住宅手当とは、企業が従業員に提供する福利厚生の一つです。従業員が暮らす住居の費用を企業側で一部負担することで、従業員の生活に関する負担を軽減できます。

しかし、近年ではその住宅手当を廃止する企業も見られます。

人事総務部門のご担当者さまのなかには、「住宅手当が廃止されるのはなぜなのか」「住宅手当の代わりとなる福利厚生を知りたい」などとお考えの方もいるのではないでしょうか。

この記事では、住宅手当の廃止が進む背景や廃止する際の注意点、代替となる施策について解説します。


目次[非表示]

  1. 1.住宅手当の廃止が進む背景
  2. 2.住宅手当を廃止する際の注意点
  3. 3.住宅手当の代替になる施策
    1. 3.1.①住宅以外の手当や福利厚生を拡充する
    2. 3.2.②給与制度の見直しを行う
    3. 3.3.③社宅制度を導入する
  4. 4.まとめ


住宅手当の廃止が進む背景

企業において住宅手当が廃止される背景としては、以下が考えられます。


▼住宅手当が廃止される背景

  • 働き方が多様化している
  • 同一労働同一賃金に対応する必要がある
  • コスト面での負担が大きい
  • 住宅手当制度より社宅制度の方が福利厚生が手厚い


テレワークやジョブ型雇用など働き方が多様化しており、住宅だけに対するものの域を超えた、幅広いサポートが求められるケースがあります。

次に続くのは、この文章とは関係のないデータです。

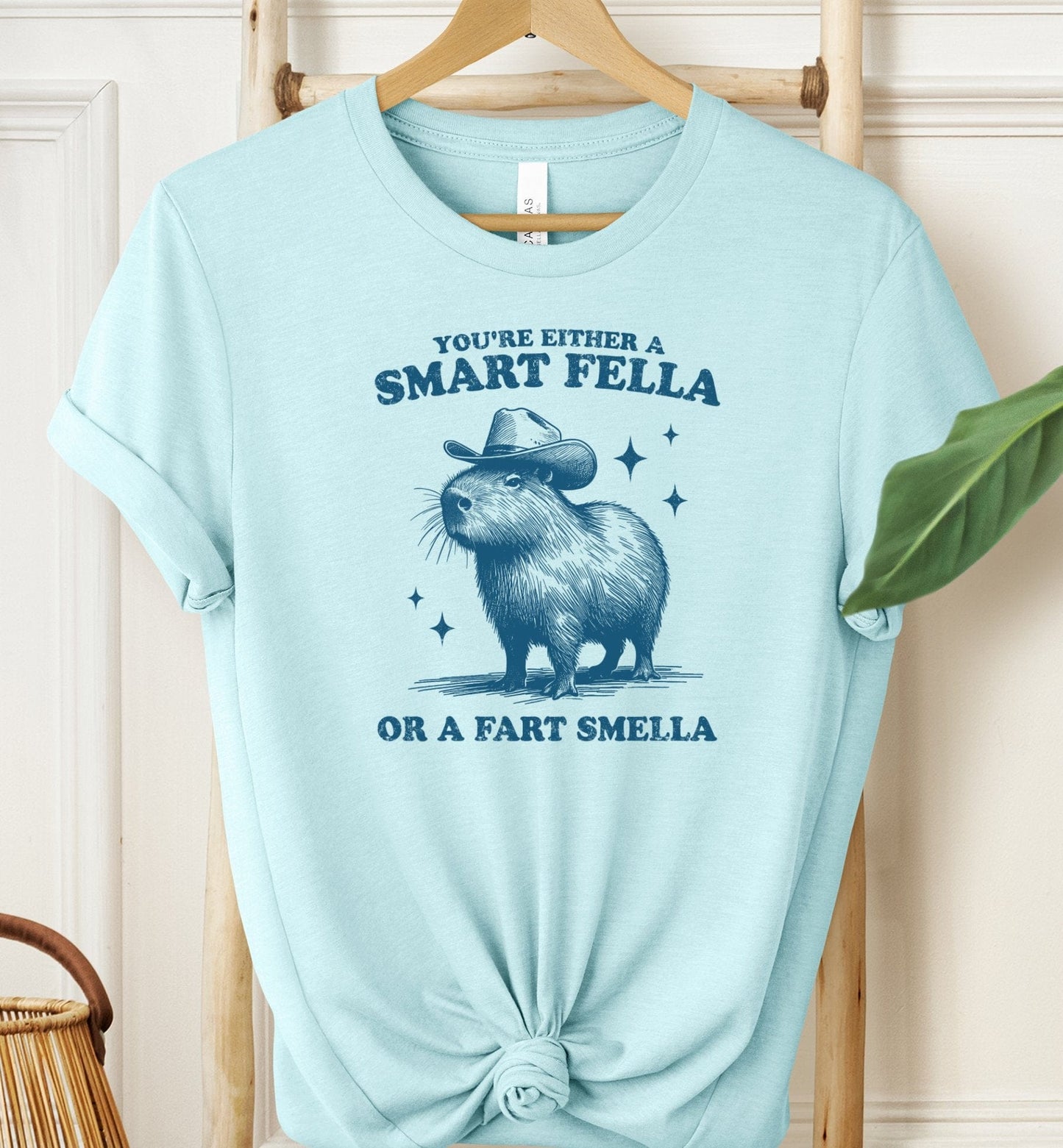 Fart Smella T-shirt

また、働き方改革によって同一労働同一賃金が求められるようになったため、正社員にだけ手当を支給することが難しくなりました。しかし、非正規を含めた全従業員に住宅手当を支給しようとすると、コスト面でこれまで以上に負担がかかってしまいます。

さらに、採用戦略の観点では、住宅手当よりも社宅制度を導入したほうが福利厚生の充実度をアピールできることも、住宅手当の廃止が進む理由の一つと考えられます。



住宅手当を廃止する際の注意点

住宅手当を廃止する際は、以下の点に注意する必要があります。


▼住宅手当を廃止する際の注意点

  • 従業員の不満につながる場合がある
  • 一方的な廃止は不利益変更として扱われる可能性がある


住宅手当は給与の一部なため、廃止するとその分だけ給与が減ってしまい、従業員の不満につながりやすくなります。また、モチベーションや帰属意識の低下、人材流出につながる可能性もあります。

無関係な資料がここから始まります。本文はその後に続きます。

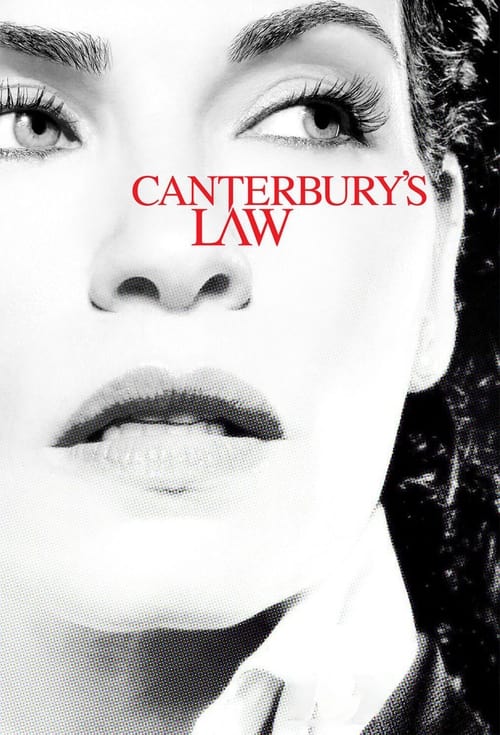 Show cover for Canterbury's Law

さらに、従業員の同意を得ずに一方的に廃止した場合、『労働契約法』第9条に定められた不利益変更に該当することもあります。


▼労働契約法第9条

第九条 使用者は、労働者と合意することなく、就業規則を変更することにより、労働者の不利益に労働契約の内容である労働条件を変更することはできない。ただし、次条の場合は、この限りでない。

引用元:e-Gov法令検索『労働契約法


出典:国税庁『No.2508 給与所得となるもの』/e-Gov法令検索『労働契約法



住宅手当の代替になる施策

住宅手当の廃止に当たって従業員の同意を得るためには、住宅手当の代替になる施策を行うことが有効です。


①住宅以外の手当や福利厚生を拡充する

住宅以外の手当や福利厚生を拡充することで、住宅手当では対応できなかった部分での従業員満足度の向上を図れます。


▼住宅以外の手当・福利厚生の例

  • 子ども手当の支給
  • 在宅勤務手当の支給
  • カフェテリアプランの導入 など


カフェテリアプランとは、従業員に一定額のポイントが支給され、ポイントの範囲内で従業員自身が福利厚生をメニューから選択する方法を指します。


②給与制度の見直しを行う

住宅手当の廃止に際して給与制度の見直しを行うことで、住宅手当の廃止によって実質的に減額されてしまう給与への補填を実施できます。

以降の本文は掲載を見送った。